The Ready Room: Wounds

When we take on something new, some part of us knows that we don’t know how to do it, and we identify with “not knowing how to do this thing.”  We begin to live in the land of  “I don’t know how to do this thing.”  And then, in a moment, we can wake up and realize:  wow, I know how to do this thing. I should trust myself.  In that moment, we have migrated from the land of “I don’t know how to do this thing” to the land of “I trust myself.”

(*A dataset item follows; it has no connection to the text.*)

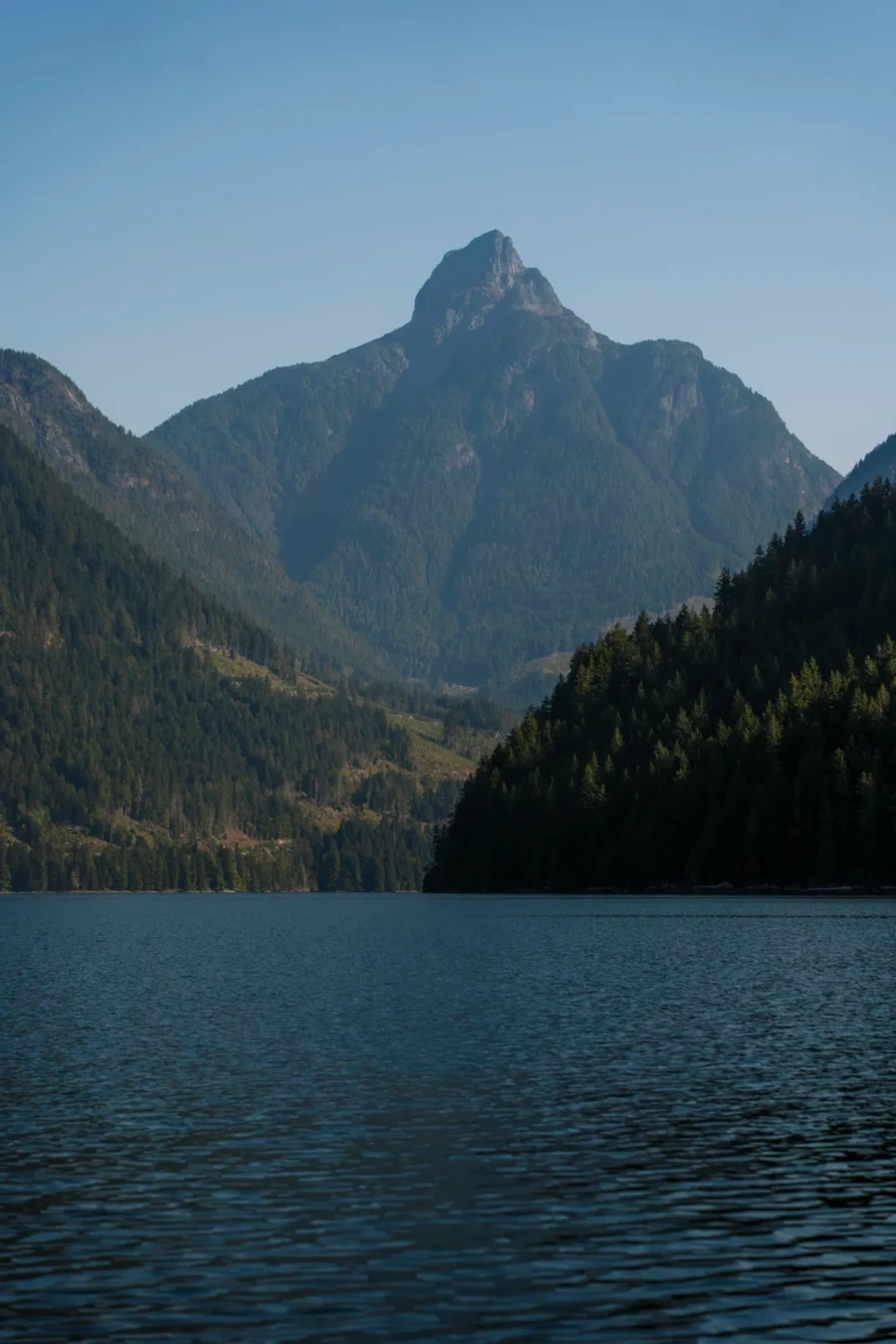pointed mountain rising out of the inlet near Egmont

Parenting is one of these experiences for me. We parents enter into the relationship, responsibility and challenges of parenting largely knowing that we don’t know how to do this thing.  Even those of us who read all the books–such a desperate grasp at a rope for the drowning person.  The demands of parenting take us to places of exhaustion that we never imagined, to places of fear that are more real than Dante’s Inferno could ever muster (nothing cuts to the center of a parent’s soul like the fear for harm to his/her child–of any kind).  Parenting is confusing, lonely, painful and filled with mistakes.

I trust myself as a parent these days.  (Great, you say.  Your children are all grown now). They are grown, and I will always be a parent, both to my children and to others who need me, in the moment, to be a parent who trusts himself.  I meet a few of those each day at work, as a teacher.  I made the migration from “I don’t know how to do this thing” to “I trust myself” not because I finally have achieved perfection.  Not at all.  I’ve come to trust myself because I can look back and see and name all of the mistakes, the hesitations, the second guessing, the wounds, received and inflicted.  Accepting them, knowing them, receiving them has prepared me to see and feel them when I begin to approach the same mistakes again.  I trust that I am capable of mistakes as a parent, and I know what mine look like.  I am prepared to make mistakes AND to receive the wisdom that comes from them.

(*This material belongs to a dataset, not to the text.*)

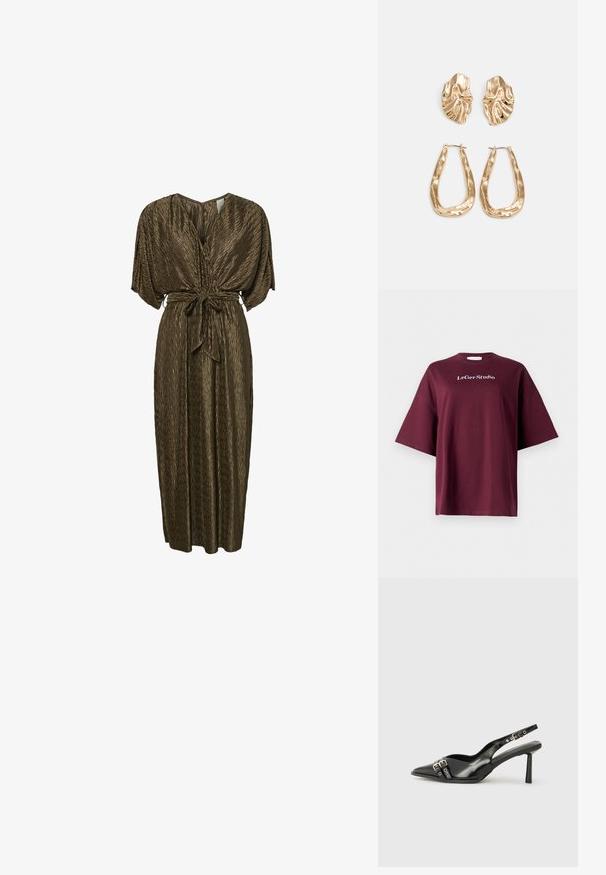 Bordeaux-korte mouwen T-shirt van katoen met een ontspannen pasvorm. Heeft een witte "LeGer Studio" logo op de borst. Soepele textuur, eenvoudig ontwerp.; Bruine, geplooide maxi-jurk met een V-hals, brede mouwen en een gestrikte riem in de taille. Gladde textuur met een subtiele glans.; Zwarte gepolijste leren slingback schoenen met een puntige neus, enkelbandjes met zilveren gespen en hardware, en een slanke hak.; Gouden metallic handtas met een gestructureerd ontwerp, gladde textuur en verstelbare schouderband. Kenmerkt zich door een unieke driehoekige vorm en minimalistische stiksels.; Gouden oorbellen met een getextureerd, golvend ontwerp. Bevat sculpturale clip-on studs en een open ringontwerp met een gehamerd oppervlak.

Nothing has broken my heart more than seeing where I have failed as a parent.  And those kinds of wounds are worth pure gold.  As a paraphrase of Rumi goes:

The wound is where the Light enters you,

and don’t think for a minute that you are healing yourself.

So today, when the wounding comes around something we would like to be better at, allow this.  This is our ready-room.  Light enters us this way, through this wound, this failure, and what is at work in us is so much bigger than we are.